This is a fun experimental project to hopefully produce a self-supervised model that trains faster that DINO.
For a supervised model to be successful, it must learn rich representations of the input to generate high-quality embeddings. These embeddings can then be used in tasks such as zero-shot classification or even object detection in the case of DINO.
This is a more conventional method of creating embeddings from the input data. It works by "compressing" and then "decompressing" the input. The reasoning goes that this forces the model to learn important features that are commonly represented, and to reconstruct the original image from the latent space efficiency.

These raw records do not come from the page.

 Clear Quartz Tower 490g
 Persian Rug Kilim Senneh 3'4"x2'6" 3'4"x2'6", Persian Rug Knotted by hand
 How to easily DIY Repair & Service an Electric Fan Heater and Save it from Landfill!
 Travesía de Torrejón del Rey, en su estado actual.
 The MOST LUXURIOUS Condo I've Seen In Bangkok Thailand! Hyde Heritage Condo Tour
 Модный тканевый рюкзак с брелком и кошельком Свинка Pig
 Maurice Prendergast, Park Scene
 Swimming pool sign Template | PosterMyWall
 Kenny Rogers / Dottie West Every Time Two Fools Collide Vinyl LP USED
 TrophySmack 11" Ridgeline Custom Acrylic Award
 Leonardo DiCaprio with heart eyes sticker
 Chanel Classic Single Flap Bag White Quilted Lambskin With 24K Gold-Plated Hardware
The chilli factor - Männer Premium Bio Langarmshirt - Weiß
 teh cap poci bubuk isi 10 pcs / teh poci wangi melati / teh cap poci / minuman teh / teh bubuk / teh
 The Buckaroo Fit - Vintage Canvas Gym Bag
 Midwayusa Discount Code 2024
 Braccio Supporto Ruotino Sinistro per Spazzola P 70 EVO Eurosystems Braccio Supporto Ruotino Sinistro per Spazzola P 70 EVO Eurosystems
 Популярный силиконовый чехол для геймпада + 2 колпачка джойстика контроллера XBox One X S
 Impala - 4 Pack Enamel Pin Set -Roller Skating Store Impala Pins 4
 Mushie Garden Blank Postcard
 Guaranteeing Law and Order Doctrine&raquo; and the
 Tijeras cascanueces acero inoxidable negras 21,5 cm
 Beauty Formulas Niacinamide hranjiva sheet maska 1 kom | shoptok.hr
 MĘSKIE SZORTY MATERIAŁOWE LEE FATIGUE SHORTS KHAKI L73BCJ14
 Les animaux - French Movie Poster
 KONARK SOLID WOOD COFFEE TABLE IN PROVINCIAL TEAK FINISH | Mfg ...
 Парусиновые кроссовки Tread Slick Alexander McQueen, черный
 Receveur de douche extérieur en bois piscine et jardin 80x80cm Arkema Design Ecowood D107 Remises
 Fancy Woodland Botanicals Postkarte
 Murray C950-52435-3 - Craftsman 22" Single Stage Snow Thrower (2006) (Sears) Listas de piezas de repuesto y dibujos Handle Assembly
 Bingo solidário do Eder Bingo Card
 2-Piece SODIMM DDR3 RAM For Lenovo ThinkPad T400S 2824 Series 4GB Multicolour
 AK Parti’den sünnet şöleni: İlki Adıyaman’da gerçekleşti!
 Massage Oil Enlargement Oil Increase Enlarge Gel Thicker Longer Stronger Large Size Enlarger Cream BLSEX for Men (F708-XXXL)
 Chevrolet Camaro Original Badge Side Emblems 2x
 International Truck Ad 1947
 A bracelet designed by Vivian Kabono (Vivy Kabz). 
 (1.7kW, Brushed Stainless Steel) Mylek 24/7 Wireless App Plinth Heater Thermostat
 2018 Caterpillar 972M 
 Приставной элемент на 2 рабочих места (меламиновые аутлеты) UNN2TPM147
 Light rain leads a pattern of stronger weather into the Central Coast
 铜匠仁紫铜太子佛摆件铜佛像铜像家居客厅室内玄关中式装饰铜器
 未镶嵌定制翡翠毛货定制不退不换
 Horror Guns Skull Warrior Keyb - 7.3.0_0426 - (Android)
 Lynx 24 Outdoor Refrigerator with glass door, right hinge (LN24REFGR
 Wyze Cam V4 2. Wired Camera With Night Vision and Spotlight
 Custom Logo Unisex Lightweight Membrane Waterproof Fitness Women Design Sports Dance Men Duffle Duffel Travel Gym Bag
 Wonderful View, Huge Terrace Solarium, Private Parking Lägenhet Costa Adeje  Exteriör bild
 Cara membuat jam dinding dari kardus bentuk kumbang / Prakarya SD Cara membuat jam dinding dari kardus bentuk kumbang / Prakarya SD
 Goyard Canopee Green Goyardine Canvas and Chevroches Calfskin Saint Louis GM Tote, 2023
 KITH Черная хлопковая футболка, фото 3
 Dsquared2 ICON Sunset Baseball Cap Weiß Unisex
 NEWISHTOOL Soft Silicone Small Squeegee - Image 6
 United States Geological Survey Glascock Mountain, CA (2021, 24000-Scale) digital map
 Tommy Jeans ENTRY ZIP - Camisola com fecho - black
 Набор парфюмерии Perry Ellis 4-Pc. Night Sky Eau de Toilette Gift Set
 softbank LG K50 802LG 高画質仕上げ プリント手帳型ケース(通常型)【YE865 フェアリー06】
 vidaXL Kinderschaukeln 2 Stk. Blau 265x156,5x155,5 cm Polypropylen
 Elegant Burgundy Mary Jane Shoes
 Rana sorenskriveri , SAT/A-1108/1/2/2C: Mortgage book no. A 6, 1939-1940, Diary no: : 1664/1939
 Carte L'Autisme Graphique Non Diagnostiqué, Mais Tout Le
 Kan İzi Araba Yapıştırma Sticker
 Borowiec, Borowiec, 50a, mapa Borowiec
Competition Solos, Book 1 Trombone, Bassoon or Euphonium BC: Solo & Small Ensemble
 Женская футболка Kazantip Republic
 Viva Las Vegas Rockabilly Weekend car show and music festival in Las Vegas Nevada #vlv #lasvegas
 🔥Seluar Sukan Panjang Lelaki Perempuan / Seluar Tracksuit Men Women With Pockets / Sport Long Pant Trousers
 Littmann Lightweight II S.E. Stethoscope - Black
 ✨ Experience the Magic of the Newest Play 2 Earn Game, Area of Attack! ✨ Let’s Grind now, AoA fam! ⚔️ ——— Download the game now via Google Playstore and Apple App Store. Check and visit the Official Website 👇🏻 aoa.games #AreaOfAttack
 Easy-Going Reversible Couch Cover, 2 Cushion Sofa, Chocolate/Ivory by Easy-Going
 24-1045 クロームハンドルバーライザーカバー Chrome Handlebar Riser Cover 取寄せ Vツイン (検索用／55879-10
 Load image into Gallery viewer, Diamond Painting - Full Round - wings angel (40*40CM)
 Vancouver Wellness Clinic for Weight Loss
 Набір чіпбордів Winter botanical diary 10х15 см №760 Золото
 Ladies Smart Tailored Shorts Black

The main drawback to this approach is that the embeddings it produces are normally quite large, and even if the sole purpose is to create the embeddings, you must train BOTH the encoder and the decoder.
Nonetheless, this method is widely used in image diffusion (both the encoder and decoder) as it serves to stabilize training by introducing pre-learned features. Other tasks such as zero-shot classification or object detection are infeasible due to the large latent variable, in combination with the high compute costs of the encoder.
This SOTA technique learns rich representations by comparing the output embeddings from a local crops against a global crop. If the embeddings match, then the model has successfully learned to 'predict' the outer context of a local crop. However, this method, like an autoencoder, also requires two models: a student model for local crops, and a teacher model for global. It's also quite difficult to balance these two models while they are training as the embeddings must be distinct from each other while also not collapsing to zero; thus involving a lot of hyperparameters which must be fine-tuned for each dataset and each training environment. However, the biggest drawback is that you must create at least four model inferences: student local, student global, teacher local, teacher global, to perform a single stable iteration of DINO.
Unlike an autoencoder or DINO, this method only requires a single inference (and backpropagation) to iterate the model weights. Rather than relying on manually creating the local/global crops, we instead leverage fundamental properties of CNNs to generate local/global embeddings. We notice that each kernel output only views a limited context of it's size. By placing multiple convolutional layers on top of one another, we can expand its scope to create 'pseudo-local-crops'. As such, we can compare the output of each final kernel to the 'averaged global scope' without requiring a student/teacher pair like with DINO. Because of this, we drastically reduce the compute requirements while also maximizing the context given as we essentially produce a local crop per output node.
Note
I used music rather than vision because it's much easier to train on, yet it is still practical for everyday use.
As a very rough prototype, I trained my method on my own personal collection of songs (15k / 750 hours). Within only 30 minutes of training, I was able to generate useable embeddings to create clusters for my dataset while being completely unsupervised!.
As you can see, the T-SNE reduction clearly identifies prominent clusters. When I was manually exploring this data, each cluster was surprising well-defined with a specific genre or artist.
I mainly hope to show a proof of concept before moving into the vision domain to directly compete with DINO.